Pienings kritische Abschiedsbilanz

Deutschland ist von einer Anerkennung der Einwanderungsgesellschaft noch weit entfernt

Mit einer kritischen Bilanz der bundesdeutschen Integrationspolitik hat sich Berlins Integrationsbeauftragter Günter Piening verabschiedet. Zwar seien auch Erfolge erzielt worden, von einer wirklichen Anerkennung der Einwanderungsgesellschaft und der Gleichstellung der Einwanderer sei Deutschland aber noch weit entfernt.

Mittwoch, 27.06.2012, 8:26 Uhr|zuletzt aktualisiert: Freitag, 29.06.2012, 4:02 Uhr Lesedauer: 3 Minuten  |  

Günter Piening, der seit 2003 Berliner Integrationsbeauftragter ist, scheidet zum 30. Juni 2012 auf eigenen Wunsch aus dem Amt aus. Im Februar 2012 begründete er diesen Schritt mit der damals neuen rot-schwarzen Koalition. Dies sei nicht „der Rahmen, wo ich mich auf Dauer wohlfühlen würde“.
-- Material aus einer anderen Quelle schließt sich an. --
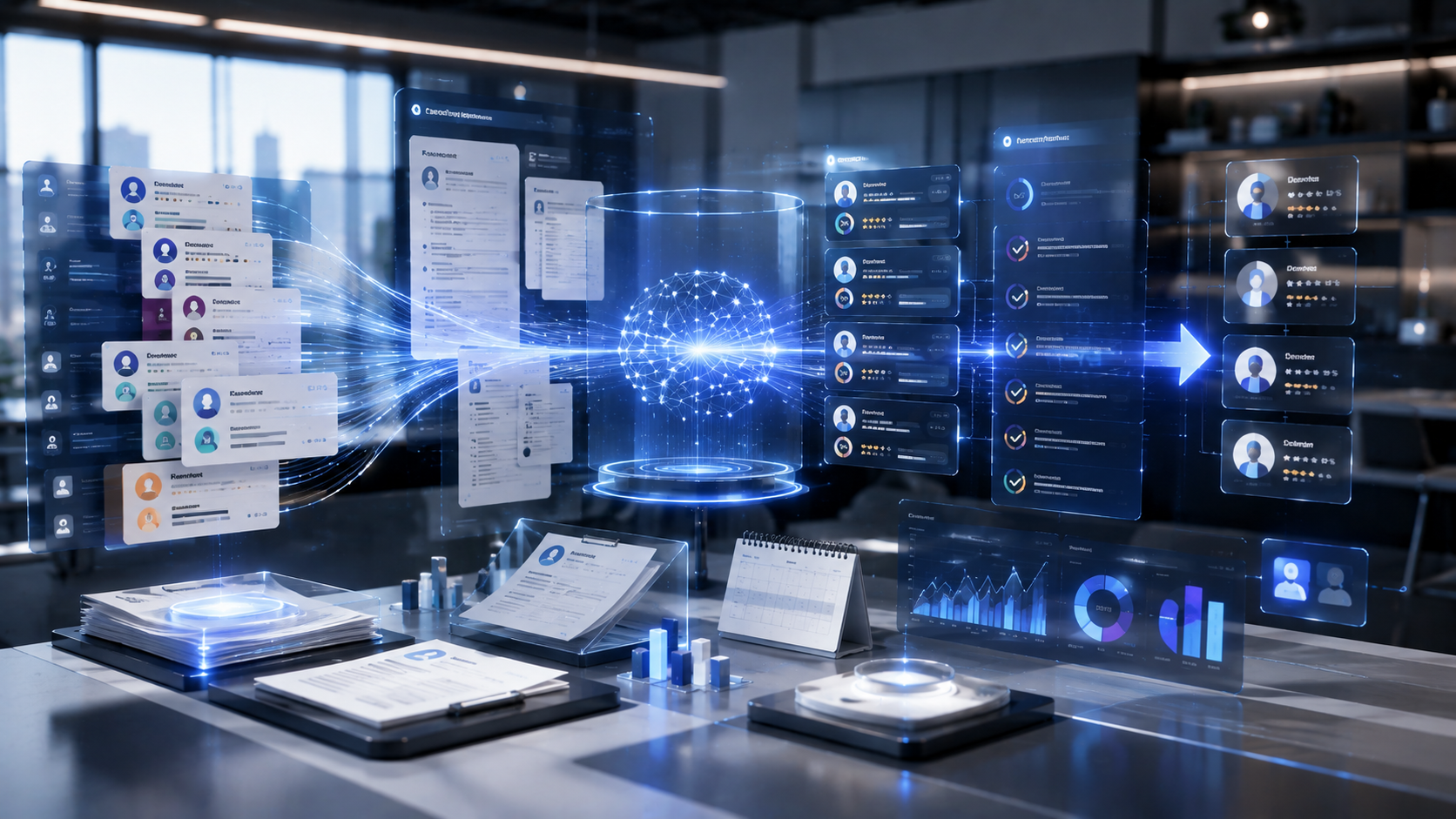 Best AI Recruiting Software in 2026: Ultimate Hiring Tools for Smarter Recruitment Best AI Recruiting Software is changing how companies find, screen, interview, and hire employees. Recruiting has always involved a strange combination of human judgment and repetitive administrative work. A recruiter might spend the morning searching for candidates. Then read 80 resumes. Then send interview invitations. Then chase a hiring manager for feedback. Then schedule six interviews. Then discover that three candidates never responded. And somewhere between all of that, someone still expects the recruiter to "focus on strategic talent acquisition." AI is increasingly taking over the repetitive parts. Modern recruiting platforms can help companies: Write job descriptions Search for candidates Match skills to roles Screen applications Summarize resumes Schedule interviews Conduct structured interviews Generate interview notes Rank candidates Identify talent Automate candidate communication Analyze hiring pipelines But there's a major difference between automating recruiting and automating hiring decisions. The former can save enormous amounts of time. The latter can create serious problems if the system is inaccurate, biased, opaque, or poorly governed. That's why our ranking of the Best AI Recruiting Software focuses on more than flashy AI features. We looked at: Candidate sourcing Resume screening AI matching Interview automation Candidate experience Applicant tracking Hiring analytics Workflow automation Explainability Human oversight Pricing and value The result is a practical 2026 guide for companies trying to decide which recruiting technology actually deserves a place in their hiring stack. Best AI Recruiting Software: Quick Rankings Rank Software Best For Score 🥇 Workable Best Overall 9.8/10 🥈 Greenhouse Best Structured Hiring 9.7/10 🥉 Ashby Best Recruiting Analytics 9.6/10 4 Eightfold AI Best Talent Intelligence 9.5/10 5 HireVue Best AI Interviews 9.4/10 6 Manatal Best Value 9.2/10 7 Paradox Best Conversational Recruiting 9.1/10 These rankings reflect overall usefulness rather than simply the number of AI features offered. Current market comparisons similarly place Workable strongly for overall recruiting, while Greenhouse, Ashby, Eightfold, HireVue, and Paradox specialize in different parts of the hiring process. What Is AI Recruiting Software? Best AI Recruiting Software combines traditional applicant-tracking functionality with artificial intelligence. Traditional recruiting software helps companies organize candidates. AI recruiting software tries to help recruiters understand and act on candidate information. For example, an ATS might store 500 resumes. AI can potentially: Find the candidates whose skills and experience most closely match the requirements. That difference becomes particularly valuable when hiring volume increases. AI recruiting software can assist with: Candidate Sourcing Finding potential candidates based on: Skills Experience Job history Education Location Industry Career trajectory Candidate Screening AI can help review resumes and applications against defined criteria. Candidate Matching Instead of relying exclusively on keyword matching, modern systems increasingly use skills and contextual information. Interviewing AI can schedule interviews, transcribe conversations, generate notes, and in some platforms conduct structured interviews. Candidate Communication Automated messages can keep applicants informed about: Application status Interview scheduling Next steps Reminders Recruiting Analytics AI can help hiring teams identify: Pipeline bottlenecks Candidate drop-off Time-to-hire Source effectiveness Hiring trends Why AI Recruiting Software Matters in 2026 Hiring teams are dealing with an increasingly difficult signal-to-noise problem. Greenhouse reported in June 2026 that applications had increased 412% since 2023 while open roles remained roughly flat. That means recruiters can face dramatically larger applicant pools without a corresponding increase in available jobs. That's exactly the type of problem AI is good at helping with. A human recruiter can review a limited number of applications carefully. Software can process thousands. But processing more applications isn't enough. The system needs to surface useful signal. That's why the best AI recruiting platforms increasingly emphasize skills, structured evaluation, candidate context, and workflow automation rather than simply sorting resumes by keyword. Greenhouse's current AI roadmap, for example, includes AI-assisted job setup, interview note-taking, candidate insights, and analytics designed to support structured hiring while keeping humans responsible for decisions. That philosophy is important. AI should reduce recruiting workload without turning hiring into an unexplained algorithmic black box. How We Evaluated the Best AI Recruiting Software We evaluated the Best AI Recruiting Software across eight practical categories. Candidate Sourcing Can the platform find relevant candidates beyond the people who simply clicked "Apply"? AI Candidate Matching Can it understand skills and experience rather than relying entirely on exact keyword matches? Screening Can AI reduce the amount of manual resume review? Interviewing Can it improve interview scheduling, note-taking, assessment, or structured evaluation? Applicant Tracking Does the underlying ATS provide a reliable hiring workflow? Candidate Experience Does automation make the application process easier rather than more robotic? Analytics Can recruiters understand where candidates are dropping out and where the hiring process is slowing down? Human Oversight Can recruiters understand and review AI-generated recommendations before making important decisions? This last category is increasingly important. 🥇 1. Workable — Best Overall AI Recruiting Software Overall Score: 9.8/10 Workable takes the #1 position in our Best AI Recruiting Software ranking because it provides one of the strongest combinations of AI recruitment, applicant tracking, sourcing, automation, and accessibility. It's particularly attractive to small and midsize businesses that don't want to build a complicated enterprise HR technology stack. Workable's current platform includes: Applicant tracking Candidate sourcing Job board distribution Talent CRM Resume parsing Interview scheduling Hiring pipelines Assessments Reporting AI recruiting tools Its newest Workable Agent is designed to run the top of the recruiting funnel, including sourcing, screening, and qualifying candidates before presenting recruiters with an interview-ready shortlist. That's a significant evolution from a traditional ATS. Workable's current Standard plan starts at $299/month for companies with 1–20 employees, while its Premier plan starts at $599/month. The platform currently provides 3,000 free AI credits with paid accounts, with additional AI credits available separately. Best For Small businesses Mid-sized companies Startups Growing hiring teams Companies wanting recruiting + HR together Strengths Strong all-in-one platform AI sourcing AI screening Applicant tracking Candidate database Interview scheduling Transparent pricing Easy implementation Strong SMB fit Weaknesses AI usage is credit-based Costs can increase with heavier AI usage Enterprise organizations may require more specialized capabilities Verdict Workable is our Best AI Recruiting Software overall for 2026. It's especially compelling for companies that want meaningful AI automation without implementing an enormous enterprise HR platform. 🥈 2. Greenhouse — Best for Structured Hiring Overall Score: 9.7/10 Greenhouse takes a different approach. Its greatest strength isn't simply automation. It's structured hiring. That matters because AI can make an inconsistent hiring process faster without making it better. Greenhouse is building AI into the hiring workflow while maintaining structured evaluation. Its 2026 AI roadmap includes: Job Kickoff Agent Interview Notetaker Candidate Insights Assistant AI analytics Voice AI Greenhouse MCP The company says these tools are designed to reduce manual work while keeping hiring structured, explainable, and human-led. Greenhouse's Voice AI, for example, is designed for structured early-stage candidate conversations, while its Notetaker can transcribe interviews and map notes to scorecard questions. Best For Growing companies Startups Structured hiring teams Companies with multiple interviewers Organizations focused on consistent evaluation Strengths Strong ATS Structured hiring AI interview notes Candidate insights Analytics Governance Strong integrations Weaknesses Better suited to established recruiting processes Pricing isn't as transparent as some SMB platforms Can require more implementation discipline Verdict If your biggest concern is making hiring more structured rather than merely faster, Greenhouse is an excellent choice. 🥉 3. Ashby — Best Recruiting Analytics Overall Score: 9.6/10 Ashby is particularly attractive to companies that want recruiting data to become a strategic asset. Its platform combines: Applicant tracking Recruiting CRM Scheduling Analytics Workforce planning Candidate sourcing The major differentiator is the depth of recruiting analytics. For companies hiring across multiple teams, the ability to understand: Which sources produce quality candidates Where candidates drop out How long roles remain open Which interview stages create bottlenecks How recruiting performance changes can be extremely valuable. Current 2026 market comparisons consistently position Ashby around ATS functionality and recruiting analytics. Best For Startups Scaleups Data-driven recruiting teams Fast-growing companies Strengths Excellent analytics Modern ATS Recruiting CRM Strong scheduling Data-driven hiring Good scalability Weaknesses More expensive than basic ATS platforms Better suited to teams with established recruiting processes Can be more than a small company needs Verdict Ashby is the platform I'd look at if your recruiting team regularly asks: "What does the data say?" 4. Eightfold AI — Best Talent Intelligence Platform Overall Score: 9.5/10 Eightfold approaches recruiting from the talent-intelligence side. Rather than treating a candidate as a resume, the platform attempts to understand skills, experience, and potential. That's particularly valuable for large organizations dealing with enormous talent pools. Eightfold is currently positioned as an intelligent talent acquisition and agentic talent platform, with AI designed to identify relevant skills and potential rather than relying solely on traditional keyword matching. Best For Large enterprises Global recruiting High-volume hiring Talent intelligence Internal mobility Strengths Deep talent intelligence Skills-based matching Large-scale candidate search Enterprise functionality Talent mobility Weaknesses Enterprise pricing Implementation complexity Too much platform for many small businesses Verdict Eightfold is powerful. But it's a classic example of why the best AI recruiting software isn't necessarily the best software for every company. A 30-person startup probably doesn't need the same talent infrastructure as a multinational corporation. 5. HireVue — Best AI Interview Software Overall Score: 9.4/10 HireVue focuses heavily on candidate assessment and interviewing. Its platform supports: Video interviews Assessments Interview workflows Candidate evaluation Scheduling Hiring automation Zapier currently ranks HireVue among the leading AI recruiting platforms specifically for AI-powered video interviewing. The advantage is obvious for high-volume hiring. Instead of scheduling every candidate for a live first-round interview, companies can use structured digital assessments and interviews to narrow the pool. Best For High-volume hiring Enterprise recruiting Standardized interviews Candidate assessments Strengths Video interviewing Structured assessments High-volume workflows Candidate screening Enterprise scale Weaknesses Enterprise-oriented Pricing isn't publicly straightforward AI assessment requires careful governance Verdict HireVue is one of the strongest choices when interviewing and assessment are the biggest bottlenecks in your hiring process. 6. Manatal — Best Value AI Recruiting Software Overall Score: 9.2/10 Manatal is particularly interesting for smaller recruiting teams that want AI functionality without moving into enterprise pricing. It combines: Applicant tracking Candidate sourcing AI recommendations Recruitment CRM Job posting Candidate management Reporting Current 2026 comparisons identify Manatal as one of the stronger value options for AI candidate matching, with pricing reported from around $15 per user/month when billed annually. Best For Small recruiting agencies SMBs Independent recruiters Budget-conscious teams Strengths Affordable AI candidate matching ATS CRM Easy setup Good value Weaknesses Less enterprise depth Smaller ecosystem Advanced analytics aren't as extensive as Ashby Verdict If you want AI-assisted recruiting without an enterprise-sized bill, Manatal is one of the most interesting options to investigate. 7. Paradox — Best Conversational Recruiting Overall Score: 9.1/10 Paradox takes an especially interesting approach to recruitment. Its AI assistant, Olivia, is designed around conversational hiring. That means candidates can interact with the system rather than navigating a complicated recruitment process manually. It can help with: Candidate questions Screening Scheduling Application workflows Communication Paradox is particularly strong for high-volume frontline recruiting, and current 2026 comparisons identify it as a leading conversational recruiting platform. Best For Retail Hospitality Healthcare High-volume hiring Frontline recruiting Strengths Conversational AI Candidate engagement Scheduling High-volume hiring Automated communication Weaknesses Enterprise-focused Custom pricing More specialized than general ATS platforms Verdict For companies hiring hundreds or thousands of frontline workers, Paradox can solve a very different problem from a traditional ATS. Best AI Recruiting Software Comparison Feature Workable Greenhouse Ashby Eightfold HireVue Manatal Paradox AI Sourcing ⭐⭐⭐⭐⭐ ⭐⭐⭐⭐☆ ⭐⭐⭐⭐☆ ⭐⭐⭐⭐⭐ ⭐⭐⭐☆☆ ⭐⭐⭐⭐☆ ⭐⭐⭐⭐☆ Candidate Matching ⭐⭐⭐⭐⭐ ⭐⭐⭐⭐☆ ⭐⭐⭐⭐☆ ⭐⭐⭐⭐⭐ ⭐⭐⭐⭐☆ ⭐⭐⭐⭐⭐ ⭐⭐⭐⭐☆ Screening ⭐⭐⭐⭐⭐ ⭐⭐⭐⭐☆ ⭐⭐⭐⭐☆ ⭐⭐⭐⭐⭐ ⭐⭐⭐⭐⭐ ⭐⭐⭐⭐☆ ⭐⭐⭐⭐☆ Interviewing ⭐⭐⭐⭐☆ ⭐⭐⭐⭐⭐ ⭐⭐⭐⭐☆ ⭐⭐⭐⭐☆ ⭐⭐⭐⭐⭐ ⭐⭐⭐⭐☆ ⭐⭐⭐⭐☆ ATS ⭐⭐⭐⭐⭐ ⭐⭐⭐⭐⭐ ⭐⭐⭐⭐⭐ ⭐⭐⭐⭐☆ ⭐⭐⭐⭐☆ ⭐⭐⭐⭐⭐ ⭐⭐⭐⭐☆ Analytics ⭐⭐⭐⭐☆ ⭐⭐⭐⭐⭐ ⭐⭐⭐⭐⭐ ⭐⭐⭐⭐☆ ⭐⭐⭐⭐☆ ⭐⭐⭐⭐☆ ⭐⭐⭐⭐☆ Automation ⭐⭐⭐⭐⭐ ⭐⭐⭐⭐⭐ ⭐⭐⭐⭐⭐ ⭐⭐⭐⭐⭐ ⭐⭐⭐⭐⭐ ⭐⭐⭐⭐☆ ⭐⭐⭐⭐⭐ SMB Fit ⭐⭐⭐⭐⭐ ⭐⭐⭐⭐☆ ⭐⭐⭐⭐☆ ⭐⭐☆☆☆ ⭐⭐☆☆☆ ⭐⭐⭐⭐⭐ ⭐⭐⭐☆☆ Enterprise Fit ⭐⭐⭐⭐☆ ⭐⭐⭐⭐⭐ ⭐⭐⭐⭐⭐ ⭐⭐⭐⭐⭐ ⭐⭐⭐⭐⭐ ⭐⭐⭐☆☆ ⭐⭐⭐⭐⭐ Best AI Recruiting Software by Hiring Need Best for Small Businesses Workable It combines ATS functionality, sourcing, screening, automation, and HR features in one platform. Best for Startups and Scaleups Ashby Its recruiting analytics and modern workflow are particularly useful for fast-growing organizations. Best for Structured Hiring Greenhouse If consistency and defensible evaluation matter more than simply increasing automation, Greenhouse is a strong choice. Best for Enterprise Talent Intelligence Eightfold AI Its skills-based talent intelligence is designed for organizations managing large and complex talent ecosystems. Best for AI Interviews HireVue Best when interviewing and candidate assessment are the primary bottlenecks. Best Budget Option Manatal A strong option for smaller teams that want AI-assisted matching and recruiting functionality without enterprise pricing. Best for High-Volume Frontline Hiring Paradox Its conversational AI approach is particularly useful when companies need to communicate with and schedule large numbers of candidates. How AI Changes the Recruiting Funnel The traditional process looks something like this: Job Description ↓ Job Posting ↓ Applications ↓ Resume Review ↓ Screening ↓ Interview ↓ Feedback ↓ Offer AI can compress many of these steps. A modern workflow might look like: AI-Assisted Job Setup ↓ Automated Sourcing ↓ AI Candidate Matching ↓ Automated Screening ↓ Structured Interview ↓ AI Interview Notes ↓ Human Evaluation ↓ Offer The important word is assisted. The strongest systems aren't necessarily trying to eliminate recruiters. They're trying to eliminate the administrative work that prevents recruiters from doing their jobs well. What Should You Automate First? If you're adopting AI recruiting software for the first time, start with low-risk repetitive tasks. 1. Resume Parsing Let software extract candidate information automatically. 2. Candidate Matching Allow AI to identify potentially relevant candidates based on predefined criteria. 3. Interview Scheduling This is one of the easiest recruiting tasks to automate. 4. Candidate Communication Automate routine status updates and reminders. 5. Interview Notes Use AI transcription and summarization to reduce administrative work. 6. Candidate Research Let AI summarize relevant candidate information before interviews. 7. Recruiting Analytics Use AI to identify bottlenecks in the hiring funnel. What Should You NOT Automate Completely? Hiring is a high-impact decision. That means businesses should be careful about letting AI make final decisions without human review. Don't blindly automate: Final candidate rejection Compensation decisions Employment offers Sensitive candidate assessments Legal eligibility decisions Disability-related decisions Complex interview interpretation The principle is simple: AI can recommend. Humans should remain accountable. Greenhouse's current AI philosophy explicitly emphasizes keeping hiring decisions human-led and explainable. AI Recruiting and Bias: What Businesses Need to Know AI doesn't automatically remove hiring bias. It can potentially reduce some forms of inconsistency. But it can also reproduce bias from: Historical hiring data Job descriptions Training data Human preferences Proxy variables Poorly designed screening criteria That's why businesses should ask vendors: How are AI recommendations generated? Can recruiters see why a candidate was recommended? Can the criteria be audited? Can humans override recommendations? How is candidate data handled? What compliance controls are available? How are models tested? This isn't merely an ethical question. It's also a business and compliance question. Greenhouse has specifically highlighted explainability as an important consideration in AI hiring, while current industry coverage has also noted legal scrutiny around AI-driven candidate evaluation. Common AI Recruiting Mistakes Mistake 1: Using AI to Reject Candidates Automatically A rejection can have significant consequences. Human review should remain available for important hiring decisions. Mistake 2: Treating Resume Matching as Hiring A strong resume isn't necessarily a strong employee. AI can identify relevant experience. It cannot completely understand culture, motivation, interpersonal dynamics, or future performance. Mistake 3: Automating Candidate Communication Too Aggressively Nobody wants to receive 11 perfectly optimized emails from a recruiting robot. Automation should improve the candidate experience, not make it feel like a customer-support ticket. Mistake 4: Choosing AI Over Process If the hiring workflow is disorganized, AI won't magically fix it. As Greenhouse points out, AI works best when it sits on top of a clear, repeatable process. Mistake 5: Ignoring Candidates Recruiters sometimes optimize for company efficiency and forget that candidates are people. A faster hiring process is valuable. A faster bad candidate experience isn't. Best AI Recruiting Software: Cost Considerations Recruiting software pricing varies dramatically. Some tools charge: Per employee Per recruiter Per seat Per job Per candidate Per AI credit Custom enterprise contracts Workable currently uses company-size-based pricing and separately prices its AI Agent through AI credits. Paid accounts receive 3,000 free AI credits, while additional credit packages are available. Manatal is positioned as a more affordable option, while enterprise platforms such as Eightfold, HireVue, and Paradox commonly use custom pricing. Don't compare only the monthly subscription. Calculate: Software + AI usage + recruiter seats + assessments + interviews + integrations That's your actual recruiting technology cost. Best AI Recruiting Software: Final Verdict After comparing the leading platforms, Workable takes the #1 position in our Best AI Recruiting Software ranking. It offers the strongest balance for the largest number of businesses, particularly small and midsize companies that want AI-powered sourcing and screening without building an enormous enterprise HR infrastructure. Greenhouse is the better choice when structured hiring and explainability are the priority. Ashby stands out for recruiting analytics and fast-growing companies. Eightfold AI is the strongest choice for large-scale talent intelligence. HireVue is particularly powerful for AI-assisted interviews and assessments. Manatal offers one of the most attractive value propositions for smaller recruiting teams. And Paradox is compelling for organizations that need conversational AI for high-volume hiring. The biggest lesson from this Best AI Recruiting Software comparison is that AI shouldn't be used simply because it can automate something. It should be used where automation improves the hiring process. The best recruiting workflow is therefore: AI handles the volume. Recruiters handle the judgment. Candidates get a better experience. That's the sweet spot. Best AI Recruiting Software: Final Rankings Rank Software Best For Score 🥇 Workable Overall 9.8/10 🥈 Greenhouse Structured Hiring 9.7/10 🥉 Ashby Recruiting Analytics 9.6/10 4 Eightfold AI Talent Intelligence 9.5/10 5 HireVue AI Interviews 9.4/10 6 Manatal Value 9.2/10 7 Paradox Conversational Recruiting 9.1/10 Frequently Asked Questions Which is the Best AI Recruiting Software in 2026? Workable is our overall winner because it combines AI sourcing, candidate screening, applicant tracking, automation, recruiting analytics, and HR functionality in a package that works particularly well for small and midsize businesses. What is the best AI recruiting software for small businesses? Workable is our top choice for small businesses because it combines recruiting and HR features with AI sourcing and screening while maintaining transparent pricing. Its current Standard plan starts at $299 per month for companies with 1–20 employees. What is the best AI recruiting software for startups? Ashby and Greenhouse are strong options for startups that expect to build structured recruiting processes and scale their hiring operations. What is the best AI recruiting software for enterprise companies? Eightfold AI, HireVue, Greenhouse, and Paradox are strong enterprise options, depending on whether the priority is talent intelligence, interviewing, structured hiring, or high-volume recruiting. Can AI replace recruiters? AI can automate many repetitive recruiting tasks, but recruiters remain important for evaluating candidates, managing relationships, making hiring decisions, and handling complex situations. Can AI recruiting software reduce hiring bias? AI can potentially reduce some forms of inconsistency, but it can also reproduce bias present in historical data or hiring processes. Businesses should prioritize explainability, auditing, human oversight, and appropriate governance. Is AI recruiting software worth it? For companies processing large numbers of candidates or spending significant recruiter time on administrative tasks, AI recruiting software can provide substantial value. Smaller companies should start with the specific bottleneck that consumes the most recruiting time. What is an ATS? An Applicant Tracking System, or ATS, is software used to manage job postings, applications, candidate records, interviews, hiring workflows, and recruiting pipelines. Modern AI recruiting software often adds AI sourcing, screening, matching, and analysis on top of the ATS. Related Articles Best AI CRM Software for Small Business in 2026 Anchor Text: Best AI CRM Software for Small Business Use this link when discussing candidate/customer relationship management and business software ecosystems. Best AI Sales Tools in 2026 Anchor Text: Best AI Sales Tools Use this link when discussing sales hiring, recruiting for sales teams, and business growth. Best AI Customer Support Software for Small Business in 2026 Anchor Text: Best AI Customer Support Software for Small Business Use this link when discussing hiring customer-service employees and scaling support teams. Best AI Productivity Tools in 2026 Anchor Text: Best AI Productivity Tools Use this link when discussing broader HR and recruiting automation. Official Websites Workable Greenhouse Ashby Eightfold AI HireVue Manatal Paradox FAQ Schema Content Question 1 Which is the Best AI Recruiting Software in 2026? Answer: Workable is our overall winner because it combines AI sourcing, candidate screening, applicant tracking, automation, recruiting analytics, and HR functionality. Question 2 What is the best AI recruiting software for small businesses? Answer: Workable is our top choice for small businesses because it combines AI recruiting functionality with applicant tracking and HR tools. Question 3 What is the best AI recruiting software for startups? Answer: Ashby and Greenhouse are strong choices for startups that want structured recruiting workflows, analytics, and scalable hiring processes. Question 4 Can AI replace recruiters? Answer: AI can automate repetitive recruiting tasks, but recruiters remain important for candidate relationships, evaluation, decision-making, and complex hiring situations. Question 5 Can AI recruiting software reduce hiring bias? Answer: AI can reduce some forms of inconsistency, but it can also reproduce bias from data or hiring processes. Human oversight, explainability, auditing, and governance remain important.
Zum Abschluss seiner Amtszeit hob Piening am Freitag (22.6.12) in Berlin vor allem die Reformen im Bildungsbereich hervor. „Die Länder haben ihre Bildungseinrichtungen von der Krippe bis zur Sekundarschule interkulturell fit gemacht und stärker auf die Förderung von Chancengleichheit unabhängig von Herkunft und sozialer Schicht ausgerichtet. Erste Erfolge lassen sich messen“. So habe sich in Berlin die Zahl der Kinder aus Einwandererfamilien, die die Hochschulreife erwerben, seit Pisa verdoppelt und die Zahl der Schulabbrecher gehe Schritt für Schritt zurück. Aber auch andere Berliner Initiativen wie die Kampagne „Berlin braucht dich!“ zur Erhöhung des Anteil von Migranten im Öffentlichen Dienst seien inzwischen Vorbild für andere Bundesländer.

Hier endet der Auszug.